● **Exercise data**:
==========

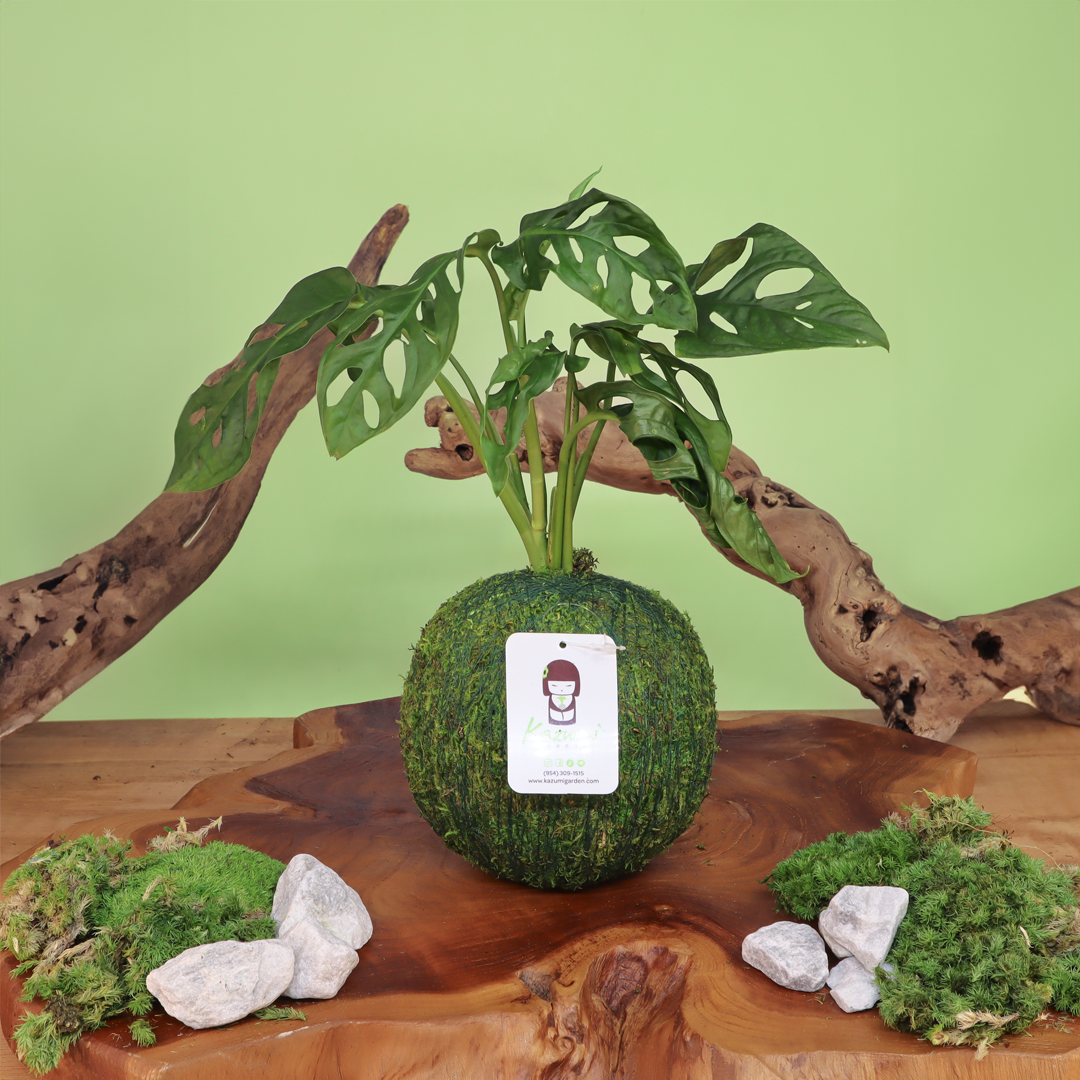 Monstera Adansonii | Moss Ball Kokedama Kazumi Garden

==========

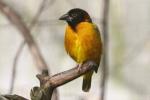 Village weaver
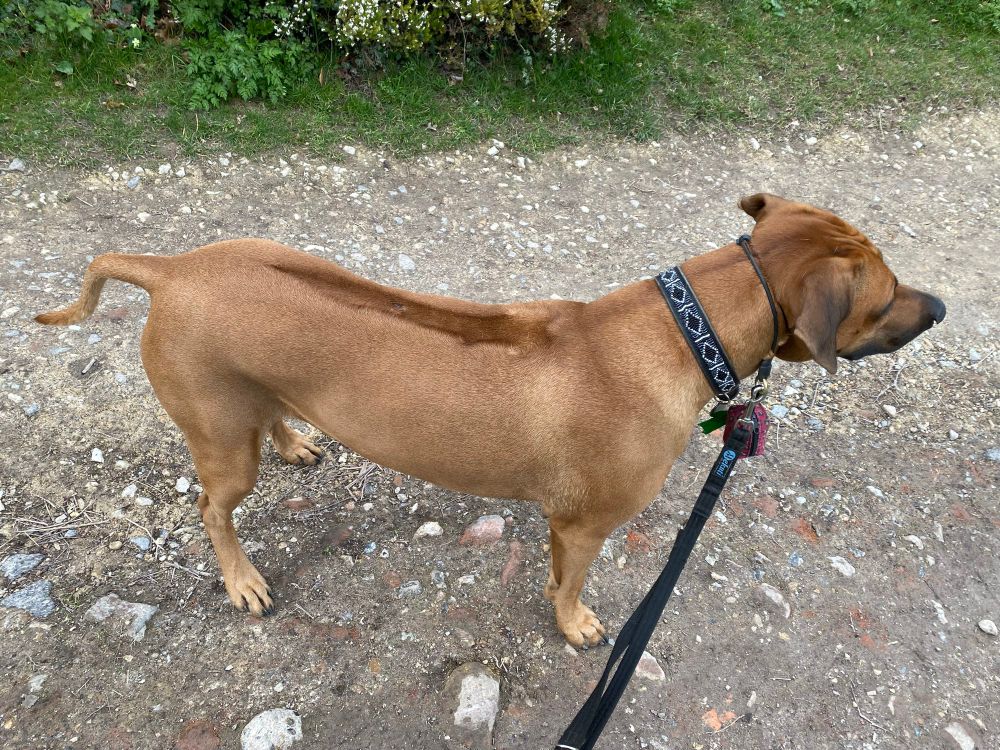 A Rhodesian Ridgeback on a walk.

==========

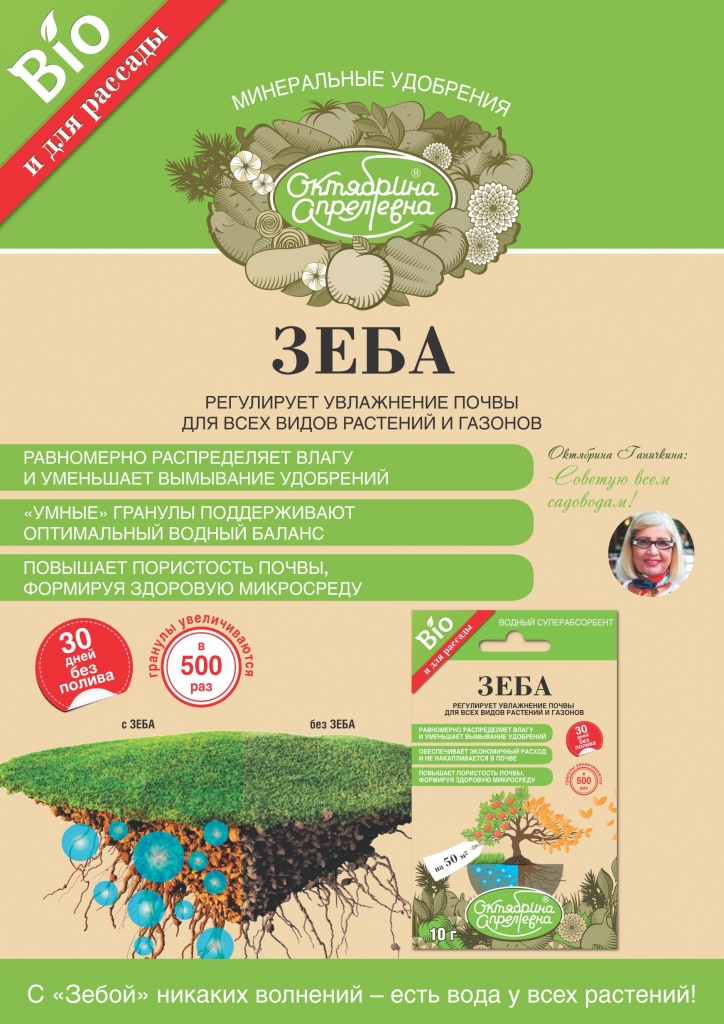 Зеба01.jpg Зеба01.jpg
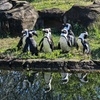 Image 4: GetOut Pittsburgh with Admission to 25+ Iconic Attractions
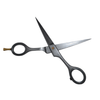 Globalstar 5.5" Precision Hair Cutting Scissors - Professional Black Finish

==========

● **The problem**:
Using the entries above, write out exactly the lines from the one with "Image 4: GetOut" through the one with "Professional Black Finish", ends included. Leave out any pictures.

● **Answer section**:
 Image 4: GetOut Pittsburgh with Admission to 25+ Iconic Attractions
 Globalstar 5.5" Precision Hair Cutting Scissors - Professional Black Finish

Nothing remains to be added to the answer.